The Future of Economics
The Great Recession created questions about mainstream economic policies and the theories they are based on. Some economists have stood their ground, affirming that the market has not failed, while others cite how the profession was blindsided as a sign that change is necessary. This blog shares the discourse among professionals, journalists and academics on the future of economic study.
New School Economics Professor Sanjay Reddy is known for his multidisciplinary approach to economics, looking at the mathematical and philosophical underpinnings of economic theories and policies. It’s no surprise, then, that his new INET blog post, “Externalities and Public Goods: Theory OR Society?,” investigates these two concepts from all angles.
The essay is part of Reddy’s “Reading Mas-Colell” blog series, for which he and New School PhD student Raphaele Chappe provide critical commentary on the widely used microeconomics textbook “Microeconomic Theory” by Andreu Mas-Colell, Michael Whinston, and Jerry Green.
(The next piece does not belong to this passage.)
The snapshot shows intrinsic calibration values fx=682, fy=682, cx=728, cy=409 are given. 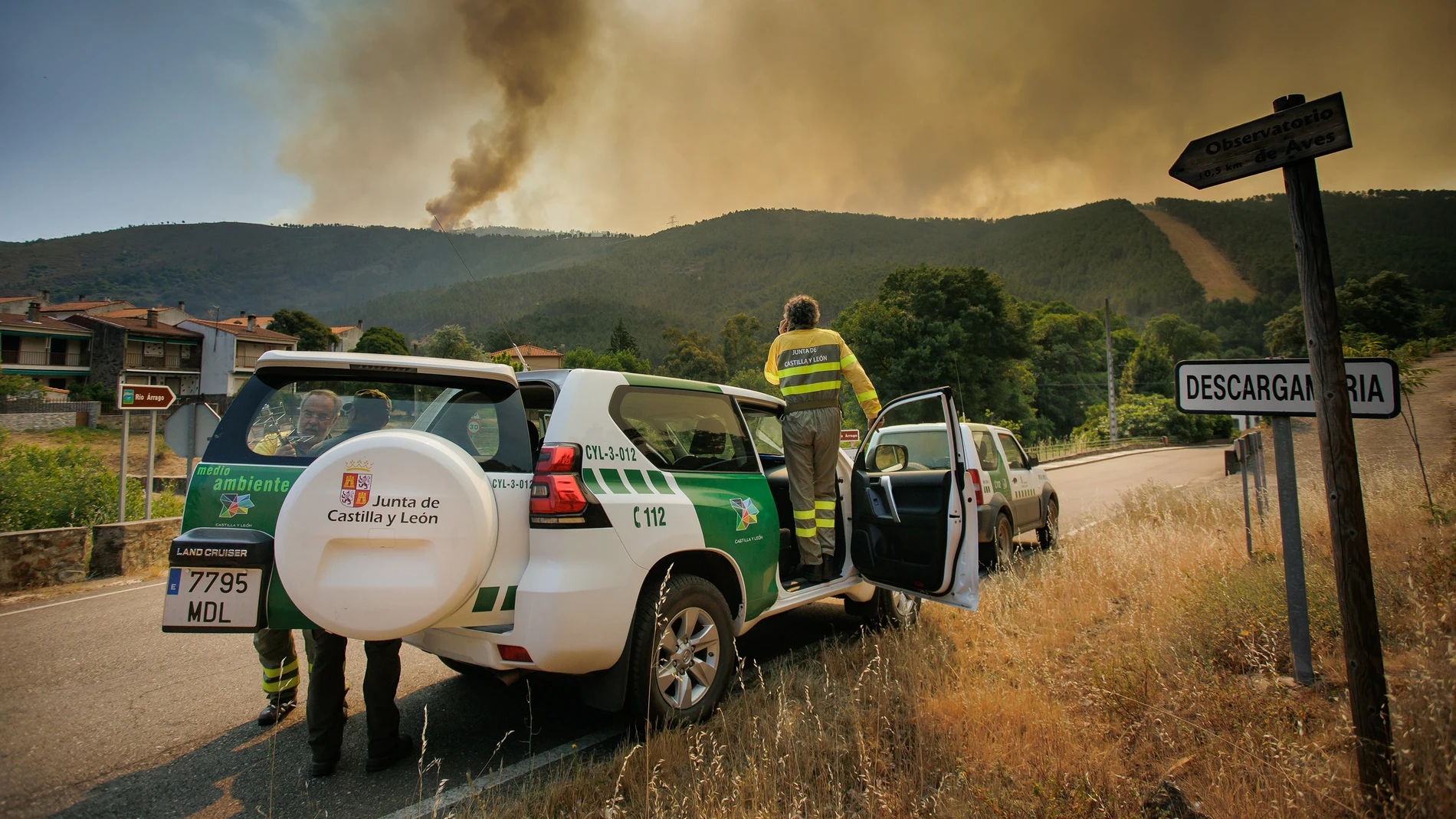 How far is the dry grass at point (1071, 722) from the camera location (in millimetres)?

In this installment, he explores the historical development and competing definitions of the concepts of externalities and public goods.
Many economists view externalities and public goods as technical concepts with precise definitions, but Professor Reddy reminds us that social issues are generally subjective. “The extent to which public goods are provided depends on who we see as part of ‘ourselves’ and what we see as ‘ours.’” Policy responses to simple externalities, such as congested roads or localized pollution, are relatively straightforward. But solutions to epochal challenges like climate change require social, political, and institutional perspectives. In these cases, the “right” answer is more elusive.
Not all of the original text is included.